OpenSearch/docs/reference/analysis/index-search-time.asciidoc

[[analysis-index-search-time]]
=== Index and search analysis

Text analysis occurs at two times:

Index time::
When a document is indexed, any <<text,`text`>> field values are analyzed.

Search time::
When running a <<full-text-queries,full-text search>> on a `text` field,
the query string (the text the user is searching for) is analyzed.
+
Search time is also called _query time_.

The analyzer, or set of analysis rules, used at each time is called the _index
analyzer_ or _search analyzer_ respectively.

[[analysis-same-index-search-analyzer]]
==== How the index and search analyzer work together

In most cases, the same analyzer should be used at index and search time. This
ensures the values and query strings for a field are changed into the same form
of tokens. In turn, this ensures the tokens match as expected during a search.

.**Example**
[%collapsible]
====

A document is indexed with the following value in a `text` field:

[source,text]
------
The QUICK brown foxes jumped over the dog!
------

The index analyzer for the field converts the value into tokens and normalizes
them. In this case, each of the tokens represents a word:

[source,text]
------
[ quick, brown, fox, jump, over, dog ]
------

These tokens are then indexed.

Later, a user searches the same `text` field for:

[source,text]
------
"Quick fox"
------

The user expects this search to match the sentence indexed earlier,
`The QUICK brown foxes jumped over the dog!`.

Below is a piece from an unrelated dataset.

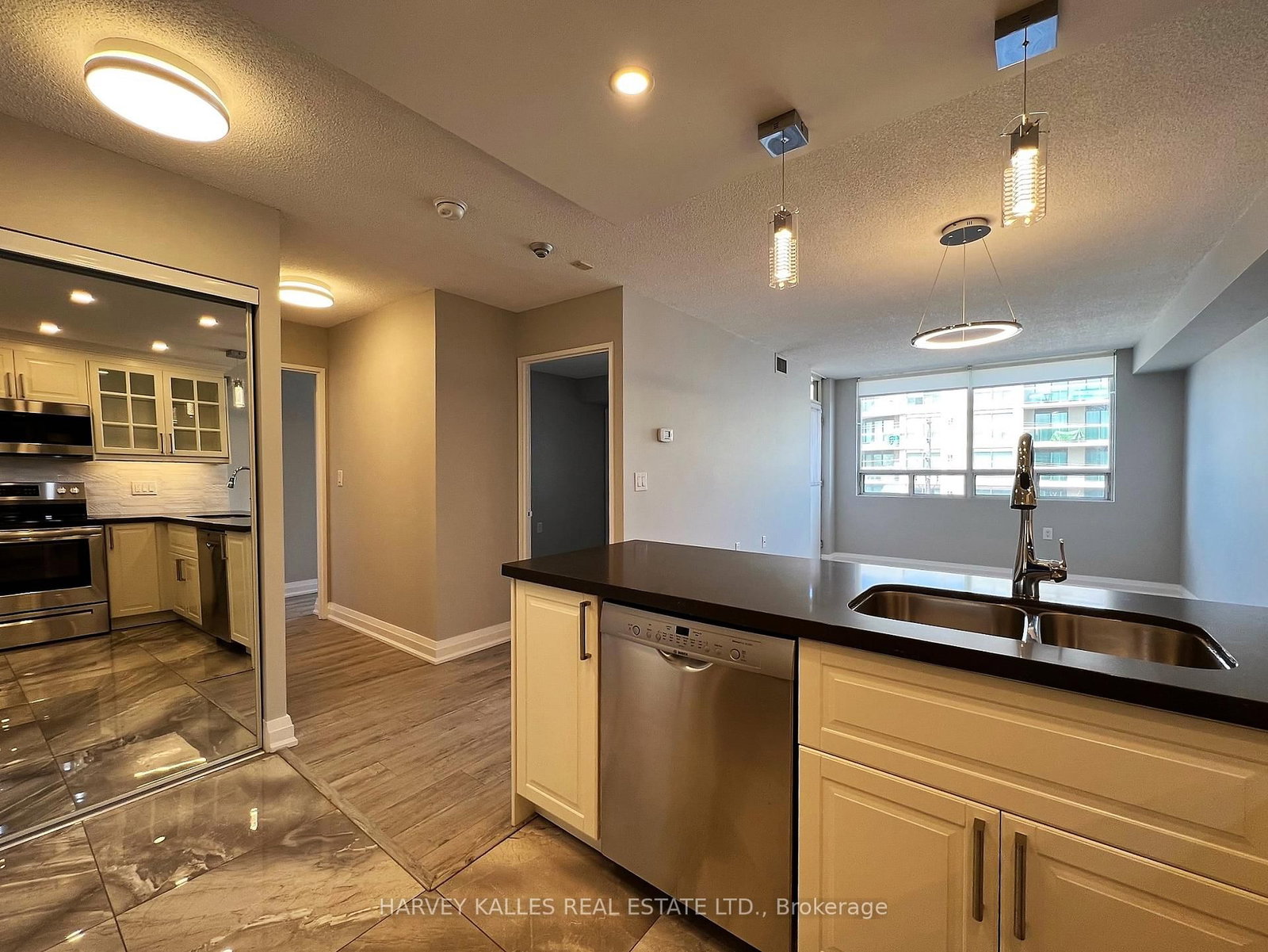 555 Wilson Heights Boulevard • #410 • Toronto, ON photo 7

However, the query string does not contain the exact words used in the
document's original text:

* `quick` vs `QUICK`
* `fox` vs `foxes`

To account for this, the query string is analyzed using the same analyzer. This
analyzer produces the following tokens:

[source,text]
------
[ quick, fox ]
------

To execute the search, {es} compares these query string tokens to the tokens
indexed in the `text` field.

[options="header"]
|===
|Token     | Query string | `text` field
|`quick`   | X            | X
|`brown`   |              | X
|`fox`     | X            | X
|`jump`    |              | X
|`over`    |              | X
|`dog`     |              | X
|===

Because the field value are query string were analyzed in the same way, they
created similar tokens. The tokens `quick` and `fox` are exact matches. This
means the search matches the document containing `"The QUICK brown foxes jumped
over the dog!"`, just as the user expects.
====

[[different-analyzers]]
==== When to use a different search analyzer

While less common, it sometimes makes sense to use different analyzers at index
and search time. To enable this, {es} allows you to
<<specify-search-analyzer,specify a separate search analyzer>>.

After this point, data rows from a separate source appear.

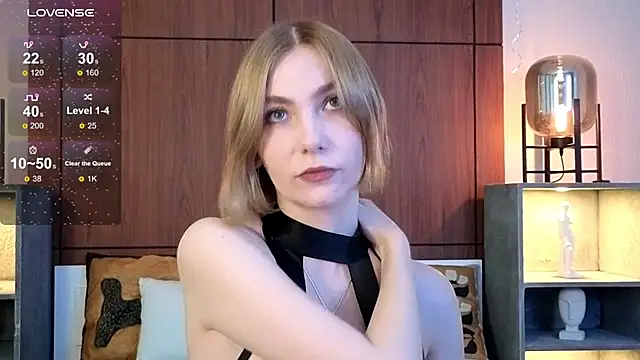 Snapshot of Roxana_perry chatting on October 15, 2025, 7:49 am Roxana perry online show from October 15, 2025, 7:49 am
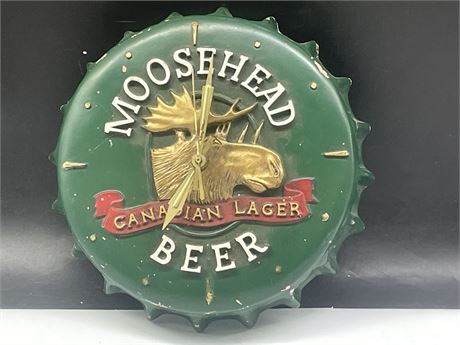 MOOSEHEAD CANADIAN LAGER BEER CLOCK (10”)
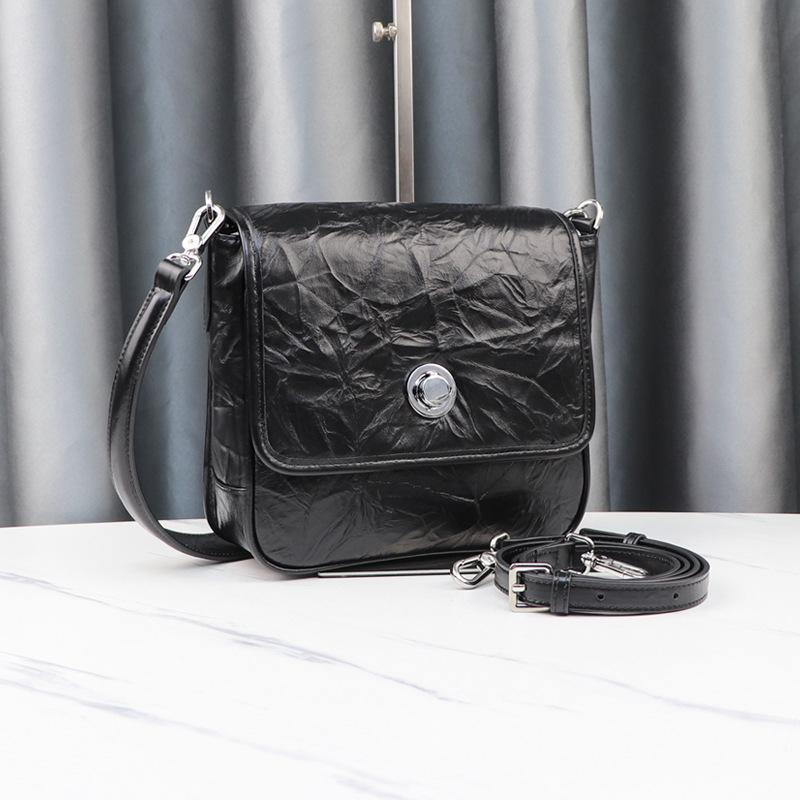 New Cross-border Niche Design Messenger Bag With Light Luxury High-end Feel Tofu Small Square Toe Layered Cowhide Single Shoulder Crossbody 22cm
New Cross-border Niche Design Messenger Bag With Light Luxury High-end Feel Tofu Small Square Toe Layered Cowhide Single Shoulder Crossbody 22cm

Generally, a separate search analyzer should only be specified when using the
same form of tokens for field values and query strings would create unexpected
or irrelevant search matches.

[[different-analyzer-ex]]
.*Example*
[%collapsible]
====
{es} is used to create a search engine that matches only words that start with
a provided prefix. For instance, a search for `tr` should return `tram` or
`trope`—but never `taxi` or `bat`.

A document is added to the search engine's index; this document contains one
such word in a `text` field:

[source,text]
------
"Apple"
------

The index analyzer for the field converts the value into tokens and normalizes
them. In this case, each of the tokens represents a potential prefix for
the word:

[source,text]
------
[ a, ap, app, appl, apple]
------

These tokens are then indexed.

Later, a user searches the same `text` field for:

[source,text]
------
"appli"
------

The user expects this search to match only words that start with `appli`,
such as `appliance` or `application`. The search should not match `apple`.

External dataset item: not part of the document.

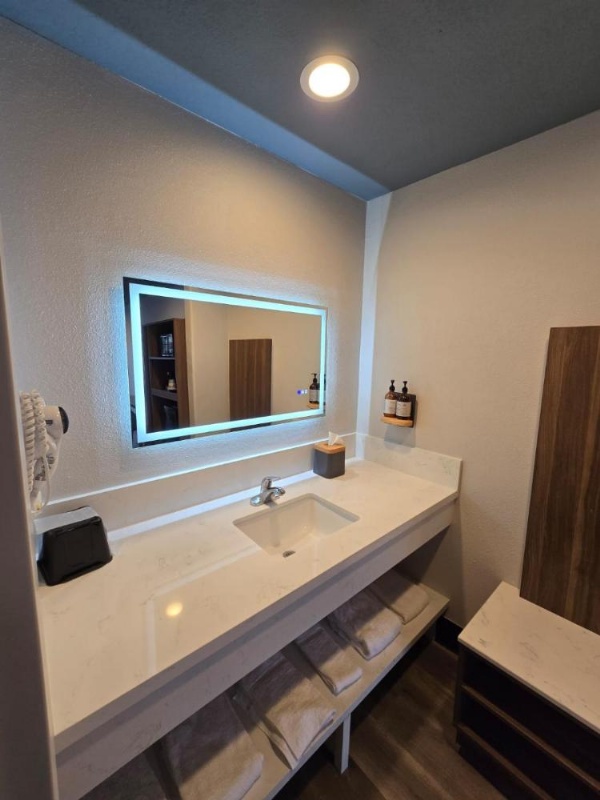 Hyland Inn near Legoland image 31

However, if the index analyzer is used to analyze this query string, it would
produce the following tokens:

[source,text]
------
[ a, ap, app, appl, appli ]
------

When {es} compares these query string tokens to the ones indexed for `apple`,
it finds several matches.

[options="header"]
|===
|Token      | `appli`      | `apple`
|`a`        | X            | X
|`ap`       | X            | X
|`app`      | X            | X
|`appl`     | X            | X
|`appli`    |              | X
|===

This means the search would erroneously match `apple`. Not only that, it would
match any word starting with `a`.

To fix this, you can specify a different search analyzer for query strings used
on the `text` field.

In this case, you could specify a search analyzer that produces a single token
rather than a set of prefixes:

[source,text]
------
[ appli ]
------

This query string token would only match tokens for words that start with
`appli`, which better aligns with the user's search expectations.
====
[DOCS] Rewrite analysis intro (#51184) * [DOCS] Rewrite analysis intro. Move index/search analysis content. * Rewrites 'Text analysis' page intro as high-level definition. Adds guidance on when users should configure text analysis * Rewrites and splits index/search analysis content: * Conceptual content -> 'Index and search analysis' under 'Concepts' * Task-based content -> 'Specify an analyzer' under 'Configure...' * Adds detailed examples for when to use the same index/search analyzer and when not. * Adds new example snippets for specifying search analyzers * clarifications * Add toc. Decrement headings. * Reword 'When to configure' section * Remove sentence from tip 2020-01-30 09:19:53 -05:00			`[[analysis-index-search-time]]`
			`=== Index and search analysis`

			`Text analysis occurs at two times:`

			`Index time::`
			When a document is indexed, any <<text,`text`>> field values are analyzed.

			`Search time::`
			When running a <<full-text-queries,full-text search>> on a `text` field,
			`the query string (the text the user is searching for) is analyzed.`
			`+`
			`Search time is also called _query time_.`

			`The analyzer, or set of analysis rules, used at each time is called the _index`
			`analyzer_ or _search analyzer_ respectively.`

			`[[analysis-same-index-search-analyzer]]`
			`==== How the index and search analyzer work together`

			`In most cases, the same analyzer should be used at index and search time. This`
			`ensures the values and query strings for a field are changed into the same form`
			`of tokens. In turn, this ensures the tokens match as expected during a search.`

			`.Example`
			`[%collapsible]`
			`====`

			A document is indexed with the following value in a `text` field:

			`[source,text]`
			`------`
			`The QUICK brown foxes jumped over the dog!`
			`------`

			`The index analyzer for the field converts the value into tokens and normalizes`
			`them. In this case, each of the tokens represents a word:`

			`[source,text]`
			`------`
			`[ quick, brown, fox, jump, over, dog ]`
			`------`

			`These tokens are then indexed.`

			Later, a user searches the same `text` field for:

			`[source,text]`
			`------`
			`"Quick fox"`
			`------`

			`The user expects this search to match the sentence indexed earlier,`
			`The QUICK brown foxes jumped over the dog!`.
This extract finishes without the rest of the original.